Erneut fanden die Landespflegetage als Online-Veranstaltung statt, zum zweiten Mal in Folge seit 2021. Dabei verfolgten am 25. und 26. Januar 2022 zusammen knapp 850 Gäste die verschiedenen Vorträge aus dem Sendestudio der LWG, sowie der live zugeschalteten Referenten aus Leipzig und Coburg. In einer abschließenden Expertenrunde wurden jeweils Fragen aus dem Chat beantwortet.

    An den beiden Tagen traten die folgenden Referentinnen und Referenten auf. Soweit verfügbar sind auch Verlinkungen zu den Zusammenfassungen der Vorträge angefügt.

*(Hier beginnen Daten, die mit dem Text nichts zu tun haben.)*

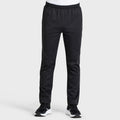 Elesu Pantalon survêtement Hommes - noir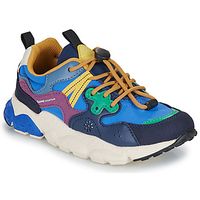 flower mountain zapatillas yamano para nina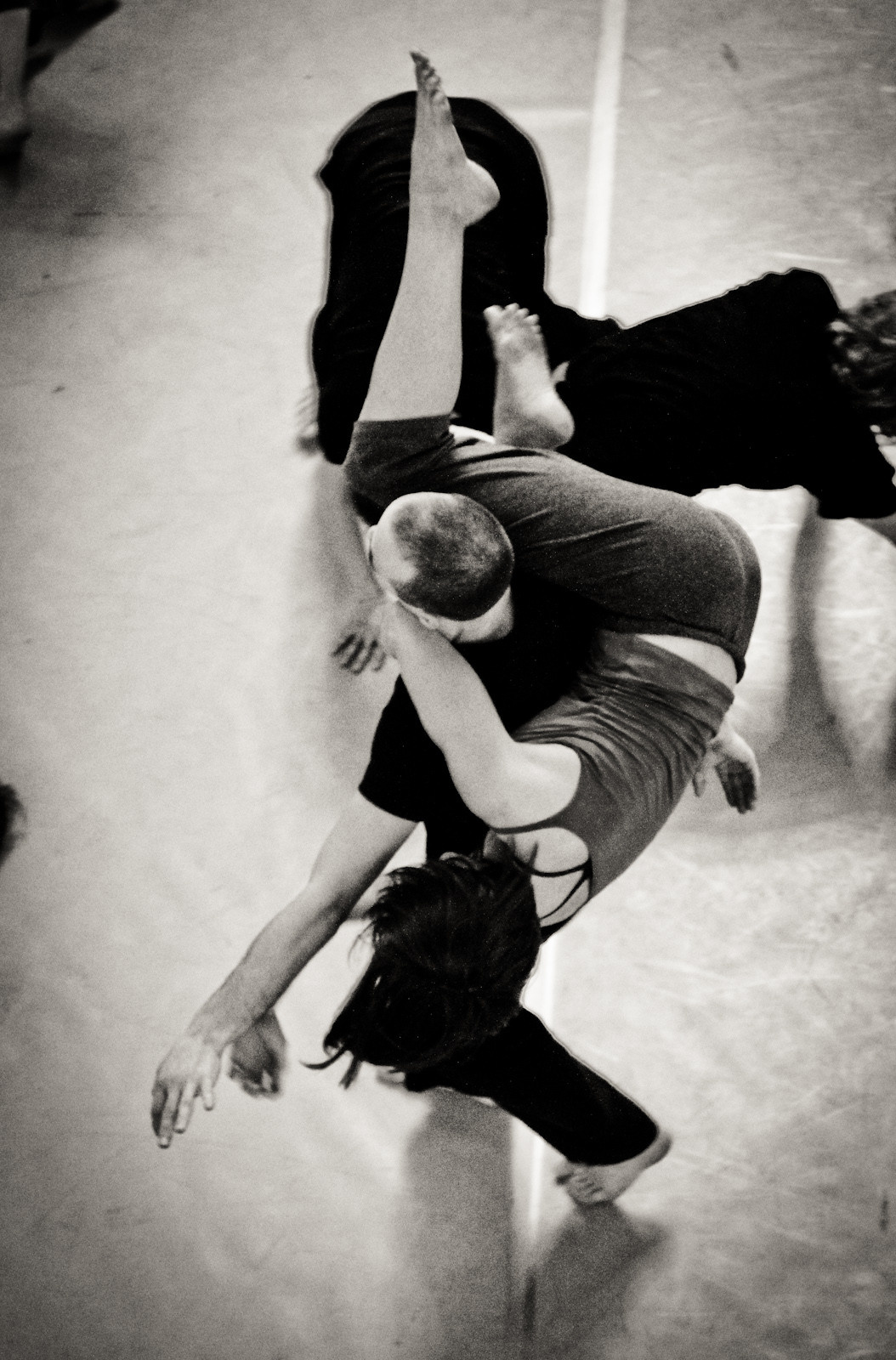 Kiev CI Fest. Фотосъемка представлений, спектаклей и перформансов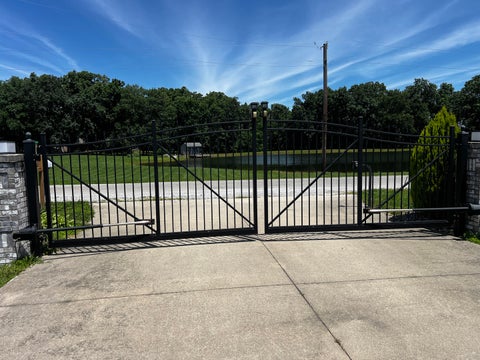 Tiny photo for 5942 E Houston Road, Woodlawn, IL 62898 (MLS # 100000185)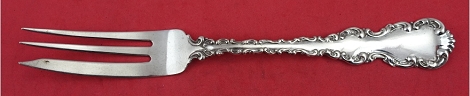 Fish Fork 3-tine 6 3/8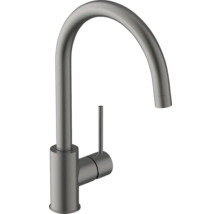 Robinet de cuisine en métal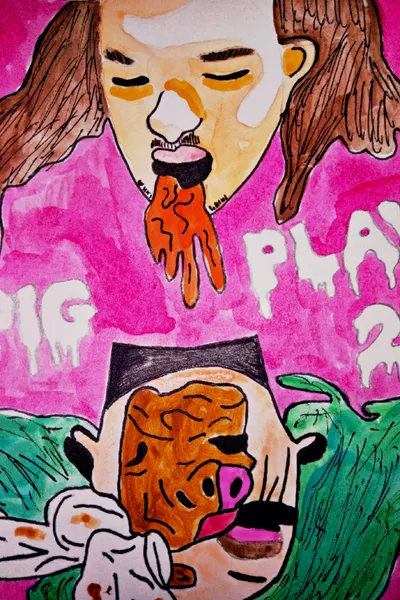 Pig Play Number 2: Filth Fest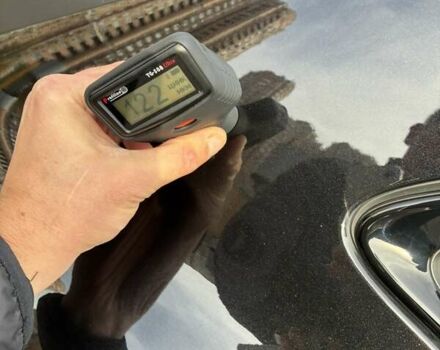 Черный Шкода Enyaq iV, объемом двигателя 0 л и пробегом 144 тыс. км за 26999 $, фото 163 на Automoto.ua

    25. Januar 2022: Grün erbauen und Pflanzen erleben - Tagungsbeiträge

    Grün erbauen

    Der erste Tag unserer Fachtagung verband die Bautechnik mit der Pflanze. Dazu konnte Moderator und Institutsleiter Jürgen Eppel 400 Teilnehmerinnen und Teilnehmer für die folgenden Referate zur virtuellen Konferenz begrüßen.

    Den Auftakt machte Gerhard Zäh, Präsident des Verbands Garten-, Landschafts- und Sportplatzbau Bayern e. V. (VGL), mit seinem Impulsreferat "Innovativ. Engagiert. Nachhaltig. Bayerisch". Für den VGL Bayern forderte er darin die neue Bundesregierung auf, entsprechend ihren Ankündigungen konkrete Fördermaßnahmen für eine blau-grüne Infrastruktur in den Städten zu verabschieden. „Wir Landschaftsgärtnerinnen und Landschaftsgärtner packen diese Herausforderungen an“, betonte er nachdrücklich. Mit Aktionen und Präsenz in den (sozialen) Medien werde Werbung für den Berufsstand gemacht und auch eine attraktive Nachwuchskampagne für die Zielgruppe betrieben. Vorausschauend befasst sich der Verband auch mit dem Carbon-Footprint im Landschaftsbau und der Gestaltung biodiversitätsfördernder Gartenanlagen.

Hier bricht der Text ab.